Tal día como hoy del año 1391, hace 634 años, en Barcelona y a hora oscura, una turbamulta formada por gente de todas las condiciones sociales hundían la puerta de la muralla de la judería (situada en el cuadrante noroeste de la actual plaza de Sant Jaume) y se entregaban al saqueo de los obradores y casas del barrio y al asesinato de las personas —incluso familias enteras— que defendían sus hogares y sus negocios. El asalto a la judería de Barcelona, que se prolongó por espacio de varias horas hasta la madrugada del día siguiente, se saldó con el asesinato de unas 250 personas, que representaban el 5% de la comunidad judía de Barcelona.

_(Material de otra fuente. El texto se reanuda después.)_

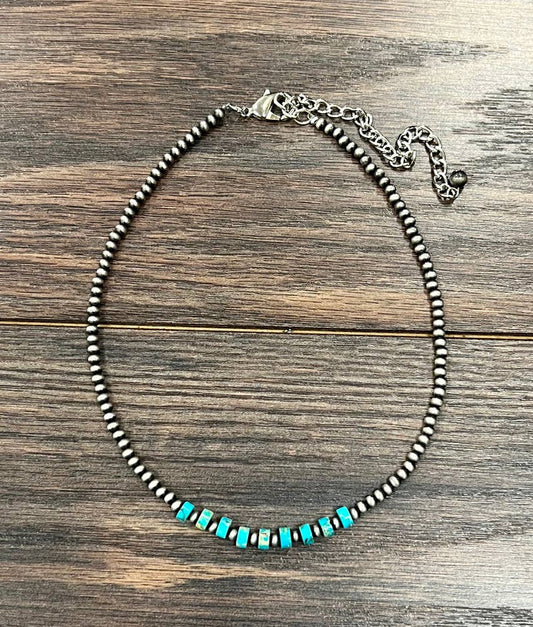 739200, 15" Navajo Rondelle Gemstone Necklace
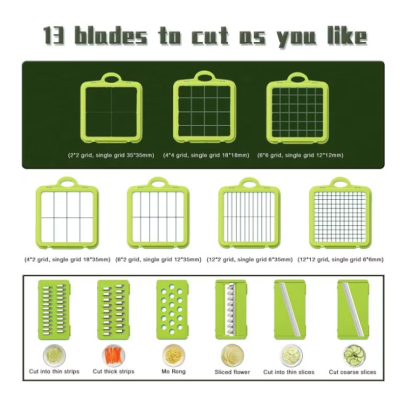 Razatoare multifunctionala pentru fructe si legume 22 piese lame din otel inoxidabil gri / verde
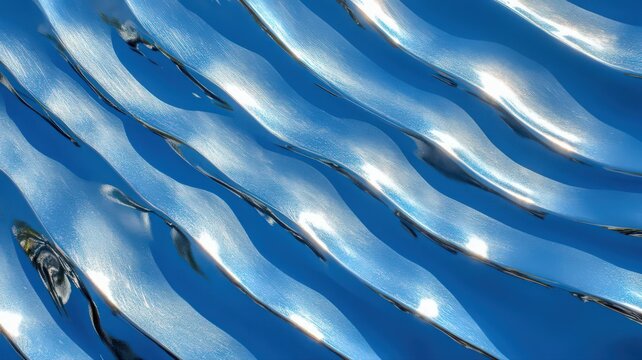 Abstract Undulating Blue Metallic Sculpture with Shiny Textured Curves and Play of Light Creates a Visually Captivating and Modern Artistic Design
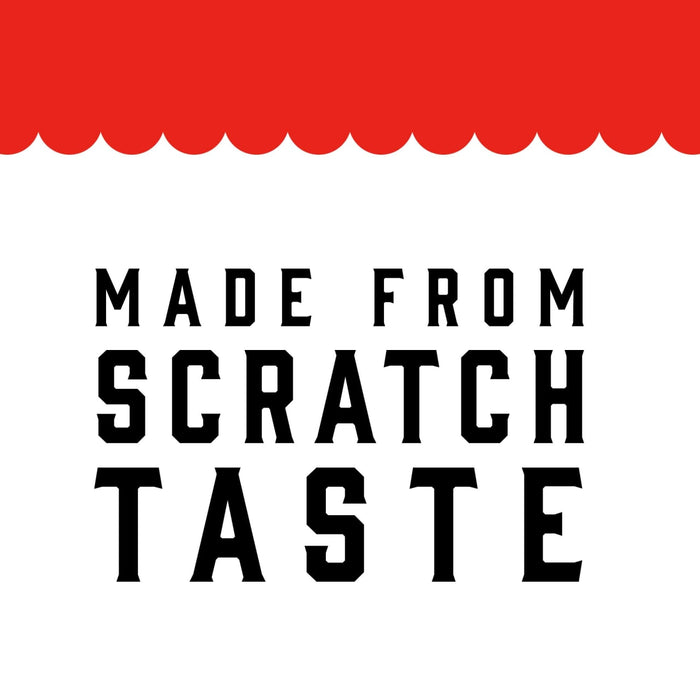 A black and white graphic with the text MADE FROM SCRATCH TASTE in bold letters.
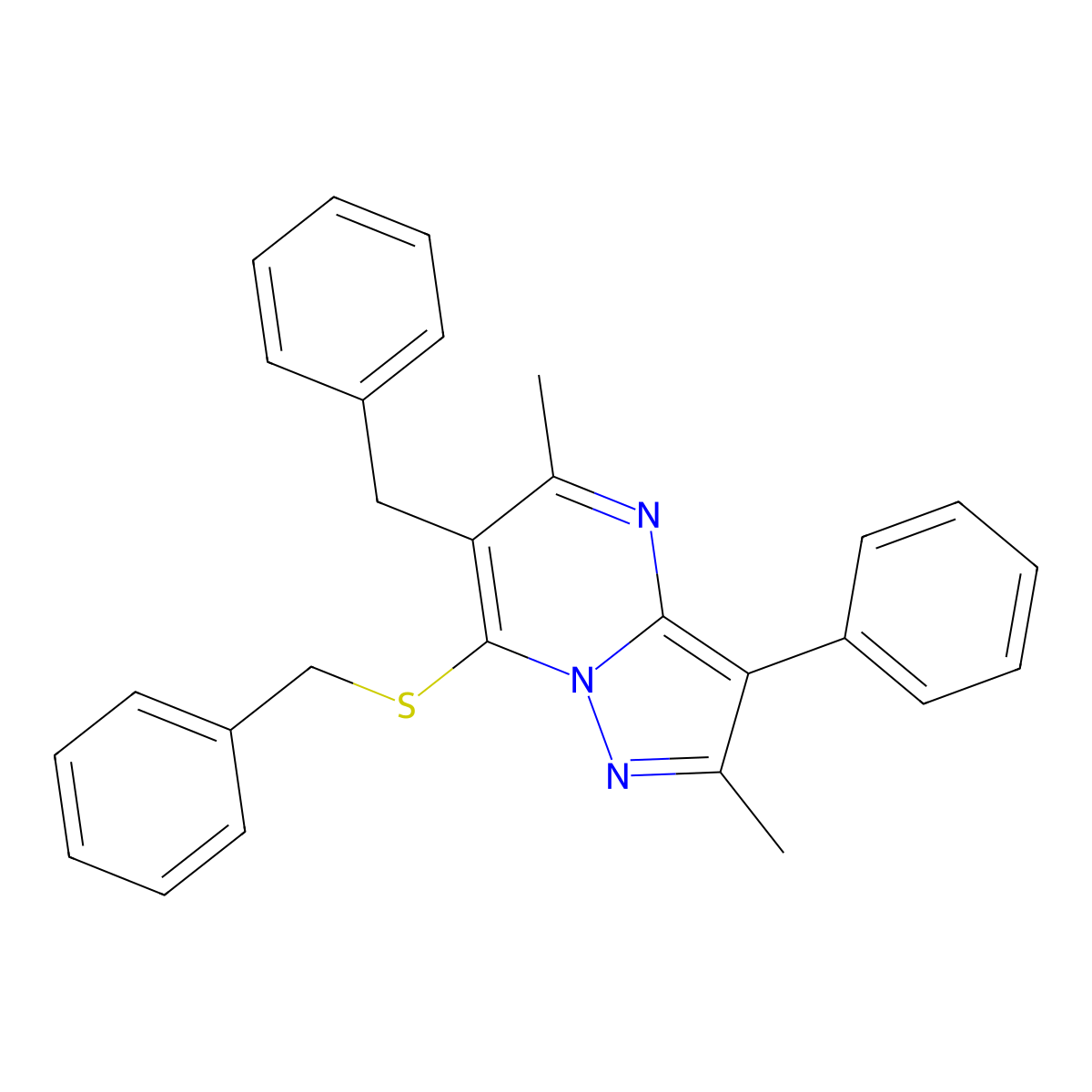 6-Benzyl-7-(benzylsulfanyl)-2,5-dimethyl-3-phenylpyrazolo[1,5-a]pyrimidine molecular structure, CAS 850158-05-3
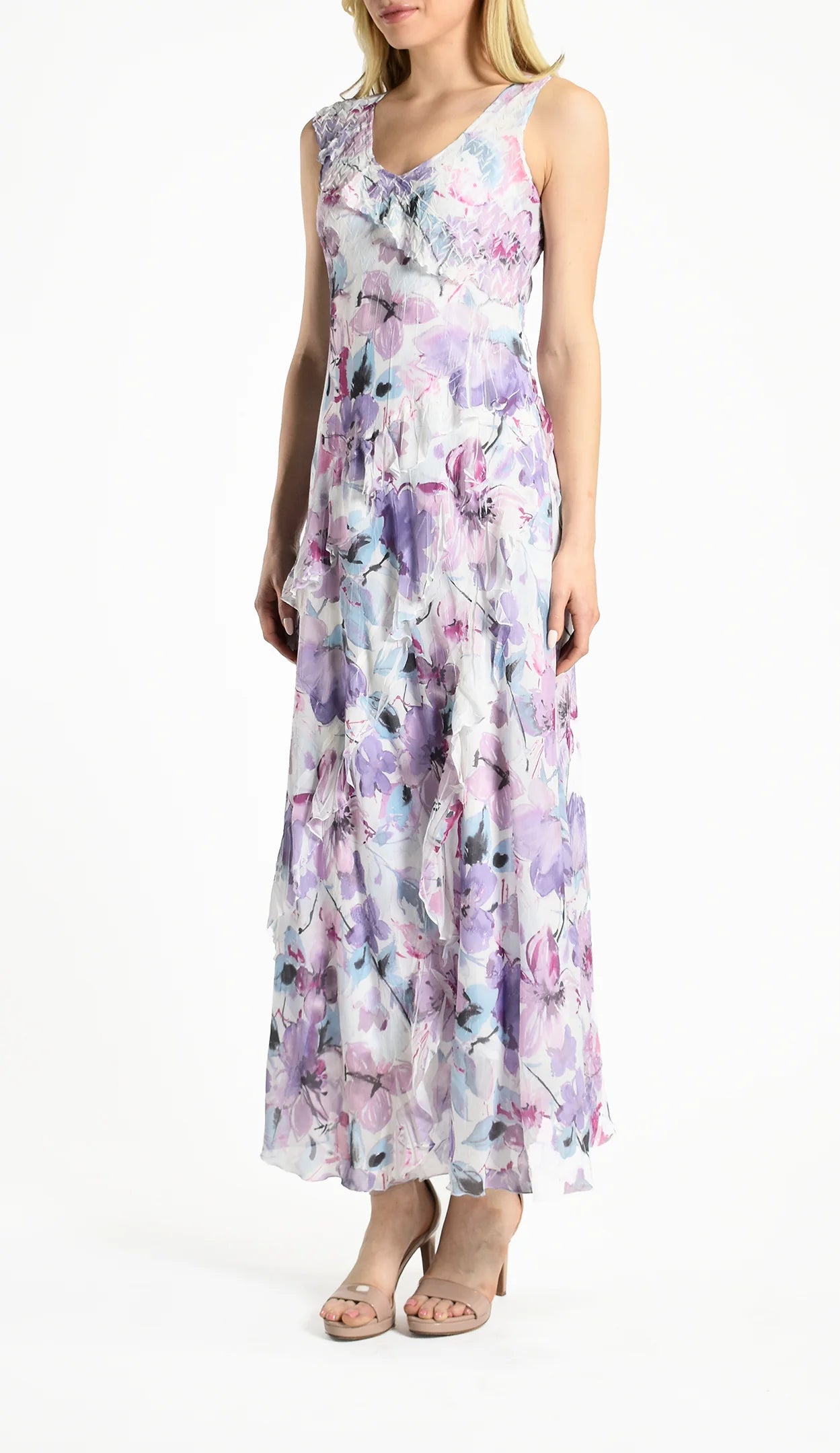 Violetta Print Ruffled Maxi Dress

Aquel brutal asalto se produjo en un contexto de violencia desatada contra la comunidad judía, que se había iniciado unas semanas antes en el sur de la corona castellanoleonesa (Sevilla, 6 de junio de 1391) y que, como un reguero de pólvora, se había extendido por todos los estados cristianos peninsulares. En esta ciudad andaluza, el religioso Fernando Martínez —arcediano de la parroquia de Écija— había fabricado un discurso simple, pero que en un escenario de crisis profunda (Europa todavía no se había recuperado de los terribles estragos de la Peste Negra) caló profundamente: "Dios nos castiga porque permitimos que los asesinos de su hijo vivan cómodamente entre nosotros".
Pero la verdadera razón obedecía a otra motivación: las clases nobiliarias y las jerarquías eclesiásticas, tanto las castellanoleonesas como las catalanoaragonesas, promovieron un discurso que pretendía el exterminio físico de una comunidad que había sido, históricamente, el puntal económico del estamento de la corona. Durante el asalto a la judería de Barcelona, el rey Juan I ordenó que la comunidad judía barcelonesa, que, con 5.000 habitantes (el 15% de la población de la ciudad), era la más numerosa de todos los países de la corona catalanoaragonesa, se refugiara en el castillo real (entre las actuales calles de Ferran, Ensenyança y Call).
No obstante, después de aquella trágica noche, la judería de Barcelona no se recuperaría nunca. Sus habitantes supervivientes se dispersaron. Las familias más humildes se instalaron en las juderías del país que no habían sufrido el mismo nivel de destrucción (por ejemplo, Tarragona). Pero las élites de la comunidad emigraron hacia las juderías de la península italiana (especialmente hacia Liorna, Roma, Nápoles, Bolonia y Padua), y de esta manera se perdió un colectivo económicamente muy dinámico (la comunidad judía de Barcelona era uno de los motores principales de la recuperación del país) y, de resultas, se intensificaría el paisaje de crisis.